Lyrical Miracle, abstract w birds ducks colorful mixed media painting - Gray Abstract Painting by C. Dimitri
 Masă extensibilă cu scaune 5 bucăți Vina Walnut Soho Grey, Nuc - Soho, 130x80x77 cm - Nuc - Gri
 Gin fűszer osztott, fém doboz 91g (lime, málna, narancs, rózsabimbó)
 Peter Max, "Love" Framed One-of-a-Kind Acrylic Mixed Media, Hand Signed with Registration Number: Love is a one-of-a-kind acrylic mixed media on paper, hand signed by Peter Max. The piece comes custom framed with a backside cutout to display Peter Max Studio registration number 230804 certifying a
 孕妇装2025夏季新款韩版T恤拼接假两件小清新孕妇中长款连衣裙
━━━━
_WHAT THE EXERCISE ASKS_. Would you write out the listing above exactly, in full?

_RESPONSE TO THIS EXERCISE_.
Lyrical Miracle, abstract w birds ducks colorful mixed media painting - Gray Abstract Painting by C. Dimitri
 Masă extensibilă cu scaune 5 bucăți Vina Walnut Soho Grey, Nuc - Soho, 130x80x77 cm - Nuc - Gri
 Gin fűszer osztott, fém doboz 91g (lime, málna, narancs, rózsabimbó)
 Peter Max, "Love" Framed One-of-a-Kind Acrylic Mixed Media, Hand Signed with Registration Number: Love is a one-of-a-kind acrylic mixed media on paper, hand signed by Peter Max. The piece comes custom framed with a backside cutout to display Peter Max Studio registration number 230804 certifying a
 孕妇装2025夏季新款韩版T恤拼接假两件小清新孕妇中长款连衣裙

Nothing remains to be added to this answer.